-- DATA follows --

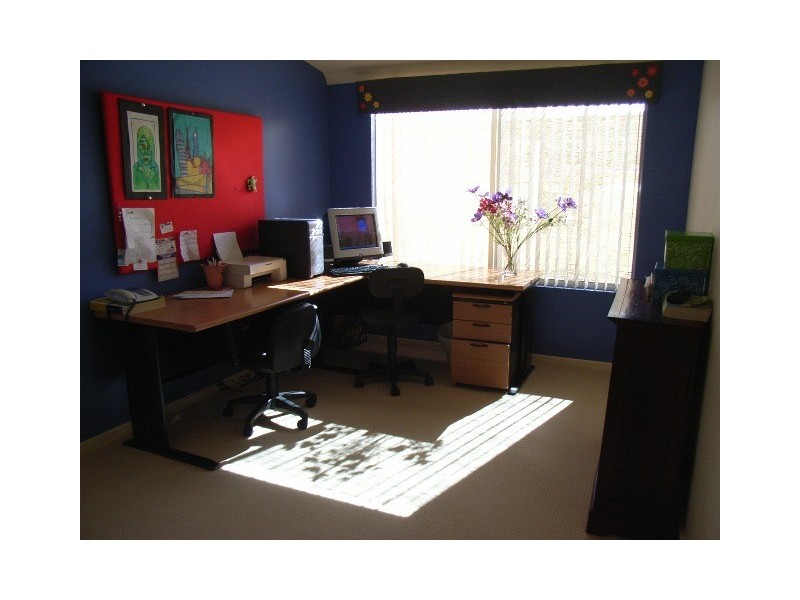 8 Rosebud Crescent, Eaton WA 6232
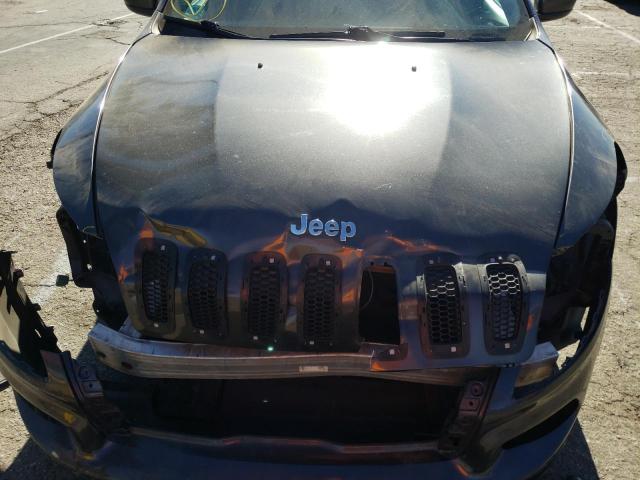 1C4PJLCB6EW288668 Jeep Cherokee Latitude
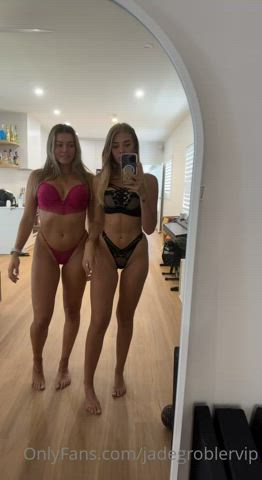 ass blonde booty lesbian clip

-- DATA concluded --

TO DO: Line by line, output the material above exactly, passing over the pictures.

SOLUTION:
 8 Rosebud Crescent, Eaton WA 6232
 1C4PJLCB6EW288668 Jeep Cherokee Latitude
 ass blonde booty lesbian clip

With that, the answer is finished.